• _Task to complete_
No pictures, nothing altered: return the data below.

━━━━━━━━━━━━━━━━━━━━

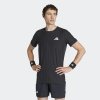 Pánské tričko adidas FLFT TEE PRO - foto 1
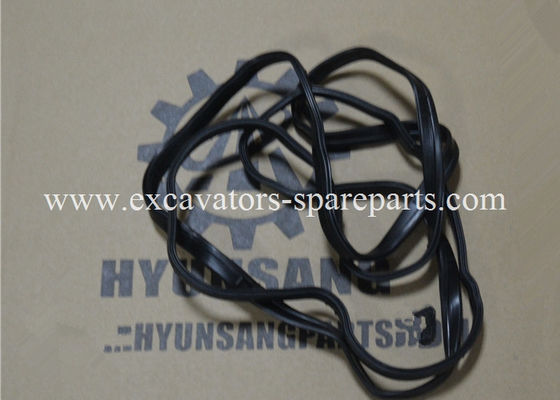  PC200-8 PC300-8 Packing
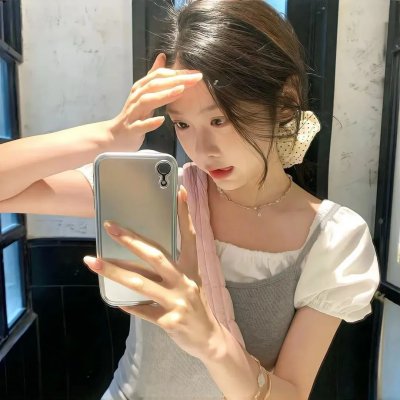 寻找无限的尽头海报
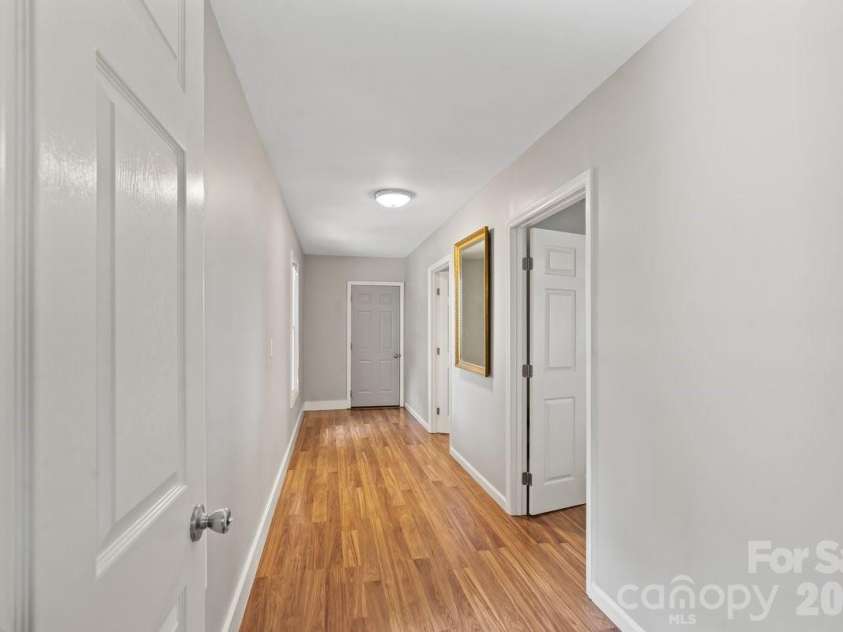 4711 Duncan Road, Monroe, NC 28110.  MLS# CAR4355955, YatesRealty ID 18766. 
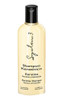 System 3 Shampoo + Acondicionador Keratinico Nutrición 375ml 1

━━━━━━━━━━━━━━━━━━━━

• _Answer box_
 Pánské tričko adidas FLFT TEE PRO - foto 1
  PC200-8 PC300-8 Packing
 寻找无限的尽头海报
 4711 Duncan Road, Monroe, NC 28110.  MLS# CAR4355955, YatesRealty ID 18766. 
 System 3 Shampoo + Acondicionador Keratinico Nutrición 375ml 1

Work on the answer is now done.